Go from the first line below to the one with "#AFazenda17 #AFazenda https://t.co/Dut1Gnlwut" and print each line exactly.

╭─ Exercise data

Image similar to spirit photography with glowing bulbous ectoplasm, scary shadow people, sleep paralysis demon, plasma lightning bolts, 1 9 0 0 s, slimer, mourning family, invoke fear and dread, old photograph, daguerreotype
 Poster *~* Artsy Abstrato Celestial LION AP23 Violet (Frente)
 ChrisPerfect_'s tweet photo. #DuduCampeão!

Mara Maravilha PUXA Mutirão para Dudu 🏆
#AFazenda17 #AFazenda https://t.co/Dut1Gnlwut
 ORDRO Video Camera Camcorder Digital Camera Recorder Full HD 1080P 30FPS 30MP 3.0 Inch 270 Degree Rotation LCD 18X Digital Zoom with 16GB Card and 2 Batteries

╰─

§ Exercise result:
Image similar to spirit photography with glowing bulbous ectoplasm, scary shadow people, sleep paralysis demon, plasma lightning bolts, 1 9 0 0 s, slimer, mourning family, invoke fear and dread, old photograph, daguerreotype
 Poster *~* Artsy Abstrato Celestial LION AP23 Violet (Frente)
 ChrisPerfect_'s tweet photo. #DuduCampeão!

Mara Maravilha PUXA Mutirão para Dudu 🏆
#AFazenda17 #AFazenda https://t.co/Dut1Gnlwut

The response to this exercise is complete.